Intellectual currents during the middle decades of the nineteenth century also challenged the Catholic Church’s declared primacy of faith over reason. Positivism, based on the belief that rational inquiry and the application of science to the human condition were advancing society, was becoming more popular in universities across Europe. The papal
Syllabus of Errors
(1864), which denounced modern society, seemed to associate the Church with ignorance and a rejection of human progress. Popular literature, including works by Victor Hugo, George Sand and Eugène Sue, sometime presented the Catholic clergy in an unfavourable light. Anti-clericals believed French
paysans
to be under the thumb of the clergy, whispering instructions in confessionals.

If the parish clergy provided useful functions – baptisms, marriages and burials – the religious orders lived in isolated contemplation and prayer (‘they eat, they sleep, they digest’ went an old refrain).
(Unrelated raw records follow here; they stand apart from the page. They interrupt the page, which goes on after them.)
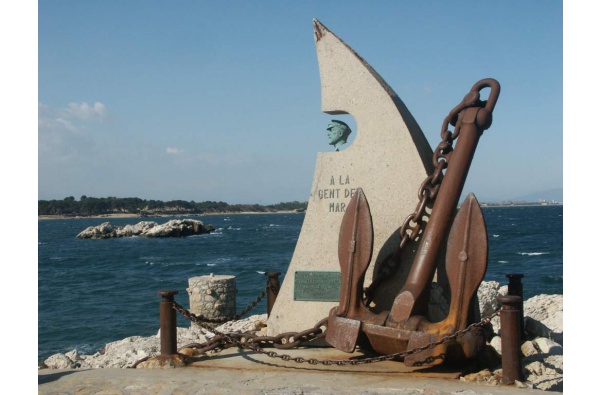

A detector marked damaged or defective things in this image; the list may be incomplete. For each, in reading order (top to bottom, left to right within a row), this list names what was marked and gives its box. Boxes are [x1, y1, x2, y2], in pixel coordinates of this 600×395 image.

rusty chain [364, 90, 490, 306]
rusty metal post [157, 290, 178, 358]
rusty metal post [264, 272, 282, 318]
rusty chain [172, 304, 496, 368]
rusty metal post [496, 296, 524, 386]
rusty metal post [506, 274, 524, 338]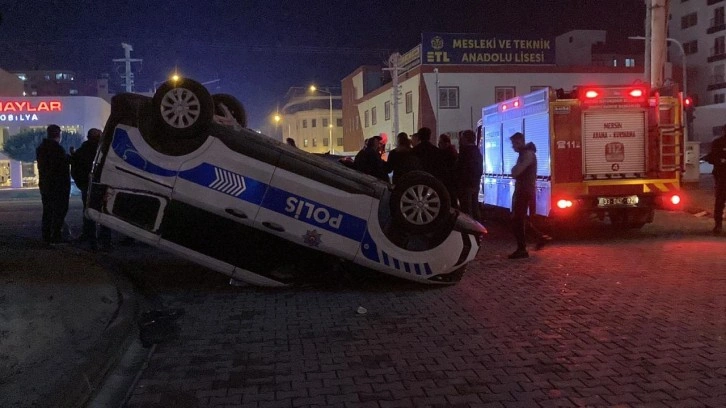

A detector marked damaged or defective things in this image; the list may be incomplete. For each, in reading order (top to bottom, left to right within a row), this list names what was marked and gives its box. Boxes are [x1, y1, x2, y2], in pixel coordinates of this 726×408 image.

overturned police car [85, 77, 486, 286]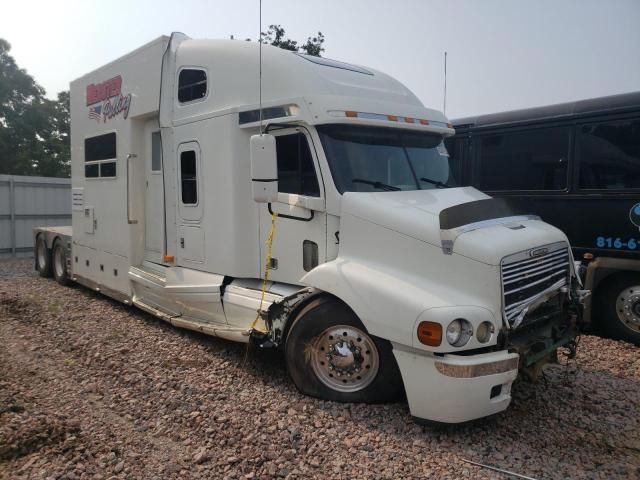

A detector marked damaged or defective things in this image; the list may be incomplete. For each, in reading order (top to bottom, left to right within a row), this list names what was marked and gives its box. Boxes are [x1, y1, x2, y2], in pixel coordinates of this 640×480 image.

damaged front bumper [390, 344, 520, 424]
Moreover religious orders, particularly the Jesuits, were closely identified with the conservative political role of the Church, whose archbishops and bishops had supported Louis Napoleon Bonaparte’s coup d’état.
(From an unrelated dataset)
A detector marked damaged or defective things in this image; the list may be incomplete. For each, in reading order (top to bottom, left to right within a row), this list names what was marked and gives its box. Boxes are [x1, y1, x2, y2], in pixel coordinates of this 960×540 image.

Many Parisians in particular objected to the Church’s dominant role in primary education. During the Second Empire, male religious orders rose in Paris from six to twenty-two for men and from twenty-two to an astonishing sixty-seven female orders. The number of men in religious orders increased from 3,100 in 1851 to well over 20,000 by 1870, and women from 34,200 to more than 100,000 in 1870. In 1871 52 per cent of Parisian pupils were in schools run by religious orders and staffed by teachers who were not required to take the examinations required of lay teachers. The Church’s virtual monopoly over the education of girls stood out, and yet literacy remained lower among women than men.
24

The hardship facing the working poor also contributed to mounting opposition to the imperial regime. As prices raced ahead of wages and the gap between the wealthy and workers increased, workers found ways to combat these injustices. Although unions remained illegal (and would be so until 1884), the late 1860s brought the creation and toleration of more workers’ associations, which were basically unions. This came at a time when employers, particularly in larger-scale industries, were waging war against the shop-floor autonomy of skilled workers by aggressively posting rules
and regulations, increasing mechanisation, and hiring more unskilled workers. In 1869, there were at least 165 workers’ associations in Paris with some 160,000 members. Cooperative restaurants offering meals at reduced prices had more than 8,000 diners. Workers’ associations began to organise producers’ cooperatives (in which workers in a trade would own tools and raw materials, thus circumventing the existing wage system). The aims of these associations were political and even revolutionary, as well as economic. Indeed, many workers believed that the organisation of workers’ associations would ultimately replace the very existence of states.
25

A number of Parisian women emerged as militants demanding rights and better working conditions. Countless women worked at home – many living in barely lit attics – in the putting-out system of textile work, an important part of large-scale industrialisation in France. Female workers earned about half as much as their male counterparts in workshops and factories. Yet calls for female suffrage were few and far between – the emphasis remained on economic issues and the struggles of working-class families and single women to survive. In a ‘Manifesto’ penned in July 1868, nineteen women demanded that a woman be given ‘possession of the rights which belong to her as a human person’. A year later, female militants organised the Society for Affirming the Rights of Women. They advocated the right to divorce and published a plan for ‘Democratic Primary School for Girls’, with the goal of the ‘conquest of equality’ and ‘moral reform’.